WORK REQUEST: The records that follow are to be repeated without alteration.

Data items
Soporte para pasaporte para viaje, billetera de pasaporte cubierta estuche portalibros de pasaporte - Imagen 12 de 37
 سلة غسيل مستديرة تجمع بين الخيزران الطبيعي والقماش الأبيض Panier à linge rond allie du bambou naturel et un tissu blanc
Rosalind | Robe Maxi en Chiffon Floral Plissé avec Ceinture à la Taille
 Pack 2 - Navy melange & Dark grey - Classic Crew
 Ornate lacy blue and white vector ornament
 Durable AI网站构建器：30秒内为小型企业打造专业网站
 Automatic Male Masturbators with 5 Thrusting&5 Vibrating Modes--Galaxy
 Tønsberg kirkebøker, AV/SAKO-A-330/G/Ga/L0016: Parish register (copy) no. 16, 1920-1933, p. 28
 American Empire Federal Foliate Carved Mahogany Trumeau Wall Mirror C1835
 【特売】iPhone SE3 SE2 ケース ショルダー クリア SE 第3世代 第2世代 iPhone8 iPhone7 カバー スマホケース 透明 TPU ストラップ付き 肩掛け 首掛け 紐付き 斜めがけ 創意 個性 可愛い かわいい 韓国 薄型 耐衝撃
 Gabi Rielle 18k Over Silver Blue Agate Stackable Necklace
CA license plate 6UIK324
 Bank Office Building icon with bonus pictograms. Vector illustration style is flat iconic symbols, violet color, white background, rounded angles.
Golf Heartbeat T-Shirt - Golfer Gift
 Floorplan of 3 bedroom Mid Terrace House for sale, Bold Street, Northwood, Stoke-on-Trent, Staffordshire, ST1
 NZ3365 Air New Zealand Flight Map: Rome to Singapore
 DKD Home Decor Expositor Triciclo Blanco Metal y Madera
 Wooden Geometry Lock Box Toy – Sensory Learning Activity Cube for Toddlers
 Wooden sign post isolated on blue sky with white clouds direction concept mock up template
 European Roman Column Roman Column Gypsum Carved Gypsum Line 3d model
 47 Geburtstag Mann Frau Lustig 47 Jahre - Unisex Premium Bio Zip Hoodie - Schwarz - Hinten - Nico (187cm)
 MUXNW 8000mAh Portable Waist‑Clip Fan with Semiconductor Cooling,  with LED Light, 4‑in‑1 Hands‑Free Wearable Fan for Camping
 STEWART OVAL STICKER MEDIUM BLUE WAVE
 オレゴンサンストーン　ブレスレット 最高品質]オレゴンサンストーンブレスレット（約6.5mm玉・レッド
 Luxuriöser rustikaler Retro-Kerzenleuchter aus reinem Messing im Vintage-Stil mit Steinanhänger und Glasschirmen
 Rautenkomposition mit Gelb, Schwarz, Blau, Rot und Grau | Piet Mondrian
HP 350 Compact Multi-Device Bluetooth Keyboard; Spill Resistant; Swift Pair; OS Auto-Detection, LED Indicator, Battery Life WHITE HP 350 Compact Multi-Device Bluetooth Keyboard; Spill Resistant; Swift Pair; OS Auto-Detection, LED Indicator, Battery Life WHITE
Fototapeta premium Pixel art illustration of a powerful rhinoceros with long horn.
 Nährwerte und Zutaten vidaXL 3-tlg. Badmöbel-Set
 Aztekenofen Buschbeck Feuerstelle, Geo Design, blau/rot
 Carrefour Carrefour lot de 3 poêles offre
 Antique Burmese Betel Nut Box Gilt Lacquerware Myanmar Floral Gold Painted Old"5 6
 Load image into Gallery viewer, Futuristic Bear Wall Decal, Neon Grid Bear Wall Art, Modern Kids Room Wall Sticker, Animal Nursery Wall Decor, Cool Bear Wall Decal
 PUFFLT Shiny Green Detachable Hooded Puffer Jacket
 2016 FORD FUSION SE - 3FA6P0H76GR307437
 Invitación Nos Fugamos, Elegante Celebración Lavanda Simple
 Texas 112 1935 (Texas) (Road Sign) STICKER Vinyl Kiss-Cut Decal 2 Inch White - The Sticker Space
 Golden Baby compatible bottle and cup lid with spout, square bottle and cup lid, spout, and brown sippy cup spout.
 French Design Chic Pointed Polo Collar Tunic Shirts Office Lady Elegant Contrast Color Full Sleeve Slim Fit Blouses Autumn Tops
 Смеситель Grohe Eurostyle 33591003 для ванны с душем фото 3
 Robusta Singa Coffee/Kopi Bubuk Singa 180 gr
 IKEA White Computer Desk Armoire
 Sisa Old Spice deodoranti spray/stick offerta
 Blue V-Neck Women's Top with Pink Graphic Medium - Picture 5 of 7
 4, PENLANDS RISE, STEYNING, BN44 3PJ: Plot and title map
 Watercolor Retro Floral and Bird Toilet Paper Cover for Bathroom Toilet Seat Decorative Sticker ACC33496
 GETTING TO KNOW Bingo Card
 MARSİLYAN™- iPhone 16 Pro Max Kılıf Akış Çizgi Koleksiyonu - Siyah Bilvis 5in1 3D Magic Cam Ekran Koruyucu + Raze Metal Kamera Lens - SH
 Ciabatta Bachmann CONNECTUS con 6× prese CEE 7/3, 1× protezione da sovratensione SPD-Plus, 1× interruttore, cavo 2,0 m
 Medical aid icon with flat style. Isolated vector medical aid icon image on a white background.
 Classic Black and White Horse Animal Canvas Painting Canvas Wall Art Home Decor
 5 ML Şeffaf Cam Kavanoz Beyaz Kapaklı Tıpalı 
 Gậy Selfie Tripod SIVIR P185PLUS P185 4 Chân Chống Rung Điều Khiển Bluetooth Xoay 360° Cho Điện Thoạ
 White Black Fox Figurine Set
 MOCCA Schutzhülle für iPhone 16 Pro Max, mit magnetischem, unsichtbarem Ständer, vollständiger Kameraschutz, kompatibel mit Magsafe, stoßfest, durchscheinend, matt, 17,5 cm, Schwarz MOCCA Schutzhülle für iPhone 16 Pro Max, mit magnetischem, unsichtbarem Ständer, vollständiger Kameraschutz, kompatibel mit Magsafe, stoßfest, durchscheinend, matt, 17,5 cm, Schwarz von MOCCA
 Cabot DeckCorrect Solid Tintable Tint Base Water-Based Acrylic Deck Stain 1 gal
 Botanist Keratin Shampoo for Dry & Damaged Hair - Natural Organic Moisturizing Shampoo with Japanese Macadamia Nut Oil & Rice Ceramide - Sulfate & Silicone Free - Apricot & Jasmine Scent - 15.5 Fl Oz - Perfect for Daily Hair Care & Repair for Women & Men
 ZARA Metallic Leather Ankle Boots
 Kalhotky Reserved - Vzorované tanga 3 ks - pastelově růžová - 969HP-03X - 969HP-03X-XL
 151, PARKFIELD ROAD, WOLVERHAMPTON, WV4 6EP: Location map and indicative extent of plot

COMPLETED EXERCISE:
Soporte para pasaporte para viaje, billetera de pasaporte cubierta estuche portalibros de pasaporte - Imagen 12 de 37
 سلة غسيل مستديرة تجمع بين الخيزران الطبيعي والقماش الأبيض Panier à linge rond allie du bambou naturel et un tissu blanc
Rosalind | Robe Maxi en Chiffon Floral Plissé avec Ceinture à la Taille
 Pack 2 - Navy melange & Dark grey - Classic Crew
 Ornate lacy blue and white vector ornament
 Durable AI网站构建器：30秒内为小型企业打造专业网站
 Automatic Male Masturbators with 5 Thrusting&5 Vibrating Modes--Galaxy
 Tønsberg kirkebøker, AV/SAKO-A-330/G/Ga/L0016: Parish register (copy) no. 16, 1920-1933, p. 28
 American Empire Federal Foliate Carved Mahogany Trumeau Wall Mirror C1835
 【特売】iPhone SE3 SE2 ケース ショルダー クリア SE 第3世代 第2世代 iPhone8 iPhone7 カバー スマホケース 透明 TPU ストラップ付き 肩掛け 首掛け 紐付き 斜めがけ 創意 個性 可愛い かわいい 韓国 薄型 耐衝撃
 Gabi Rielle 18k Over Silver Blue Agate Stackable Necklace
CA license plate 6UIK324
 Bank Office Building icon with bonus pictograms. Vector illustration style is flat iconic symbols, violet color, white background, rounded angles.
Golf Heartbeat T-Shirt - Golfer Gift
 Floorplan of 3 bedroom Mid Terrace House for sale, Bold Street, Northwood, Stoke-on-Trent, Staffordshire, ST1
 NZ3365 Air New Zealand Flight Map: Rome to Singapore
 DKD Home Decor Expositor Triciclo Blanco Metal y Madera
 Wooden Geometry Lock Box Toy – Sensory Learning Activity Cube for Toddlers
 Wooden sign post isolated on blue sky with white clouds direction concept mock up template
 European Roman Column Roman Column Gypsum Carved Gypsum Line 3d model
 47 Geburtstag Mann Frau Lustig 47 Jahre - Unisex Premium Bio Zip Hoodie - Schwarz - Hinten - Nico (187cm)
 MUXNW 8000mAh Portable Waist‑Clip Fan with Semiconductor Cooling,  with LED Light, 4‑in‑1 Hands‑Free Wearable Fan for Camping
 STEWART OVAL STICKER MEDIUM BLUE WAVE
 オレゴンサンストーン　ブレスレット 最高品質]オレゴンサンストーンブレスレット（約6.5mm玉・レッド
 Luxuriöser rustikaler Retro-Kerzenleuchter aus reinem Messing im Vintage-Stil mit Steinanhänger und Glasschirmen
 Rautenkomposition mit Gelb, Schwarz, Blau, Rot und Grau | Piet Mondrian
HP 350 Compact Multi-Device Bluetooth Keyboard; Spill Resistant; Swift Pair; OS Auto-Detection, LED Indicator, Battery Life WHITE HP 350 Compact Multi-Device Bluetooth Keyboard; Spill Resistant; Swift Pair; OS Auto-Detection, LED Indicator, Battery Life WHITE
Fototapeta premium Pixel art illustration of a powerful rhinoceros with long horn.
 Nährwerte und Zutaten vidaXL 3-tlg. Badmöbel-Set
 Aztekenofen Buschbeck Feuerstelle, Geo Design, blau/rot
 Carrefour Carrefour lot de 3 poêles offre
 Antique Burmese Betel Nut Box Gilt Lacquerware Myanmar Floral Gold Painted Old"5 6
 Load image into Gallery viewer, Futuristic Bear Wall Decal, Neon Grid Bear Wall Art, Modern Kids Room Wall Sticker, Animal Nursery Wall Decor, Cool Bear Wall Decal
 PUFFLT Shiny Green Detachable Hooded Puffer Jacket
 2016 FORD FUSION SE - 3FA6P0H76GR307437
 Invitación Nos Fugamos, Elegante Celebración Lavanda Simple
 Texas 112 1935 (Texas) (Road Sign) STICKER Vinyl Kiss-Cut Decal 2 Inch White - The Sticker Space
 Golden Baby compatible bottle and cup lid with spout, square bottle and cup lid, spout, and brown sippy cup spout.
 French Design Chic Pointed Polo Collar Tunic Shirts Office Lady Elegant Contrast Color Full Sleeve Slim Fit Blouses Autumn Tops
 Смеситель Grohe Eurostyle 33591003 для ванны с душем фото 3
 Robusta Singa Coffee/Kopi Bubuk Singa 180 gr
 IKEA White Computer Desk Armoire
 Sisa Old Spice deodoranti spray/stick offerta
 Blue V-Neck Women's Top with Pink Graphic Medium - Picture 5 of 7
 4, PENLANDS RISE, STEYNING, BN44 3PJ: Plot and title map
 Watercolor Retro Floral and Bird Toilet Paper Cover for Bathroom Toilet Seat Decorative Sticker ACC33496
 GETTING TO KNOW Bingo Card
 MARSİLYAN™- iPhone 16 Pro Max Kılıf Akış Çizgi Koleksiyonu - Siyah Bilvis 5in1 3D Magic Cam Ekran Koruyucu + Raze Metal Kamera Lens - SH
 Ciabatta Bachmann CONNECTUS con 6× prese CEE 7/3, 1× protezione da sovratensione SPD-Plus, 1× interruttore, cavo 2,0 m
 Medical aid icon with flat style. Isolated vector medical aid icon image on a white background.
 Classic Black and White Horse Animal Canvas Painting Canvas Wall Art Home Decor
 5 ML Şeffaf Cam Kavanoz Beyaz Kapaklı Tıpalı 
 Gậy Selfie Tripod SIVIR P185PLUS P185 4 Chân Chống Rung Điều Khiển Bluetooth Xoay 360° Cho Điện Thoạ
 White Black Fox Figurine Set
 MOCCA Schutzhülle für iPhone 16 Pro Max, mit magnetischem, unsichtbarem Ständer, vollständiger Kameraschutz, kompatibel mit Magsafe, stoßfest, durchscheinend, matt, 17,5 cm, Schwarz MOCCA Schutzhülle für iPhone 16 Pro Max, mit magnetischem, unsichtbarem Ständer, vollständiger Kameraschutz, kompatibel mit Magsafe, stoßfest, durchscheinend, matt, 17,5 cm, Schwarz von MOCCA
 Cabot DeckCorrect Solid Tintable Tint Base Water-Based Acrylic Deck Stain 1 gal
 Botanist Keratin Shampoo for Dry & Damaged Hair - Natural Organic Moisturizing Shampoo with Japanese Macadamia Nut Oil & Rice Ceramide - Sulfate & Silicone Free - Apricot & Jasmine Scent - 15.5 Fl Oz - Perfect for Daily Hair Care & Repair for Women & Men
 ZARA Metallic Leather Ankle Boots
 Kalhotky Reserved - Vzorované tanga 3 ks - pastelově růžová - 969HP-03X - 969HP-03X-XL
 151, PARKFIELD ROAD, WOLVERHAMPTON, WV4 6EP: Location map and indicative extent of plot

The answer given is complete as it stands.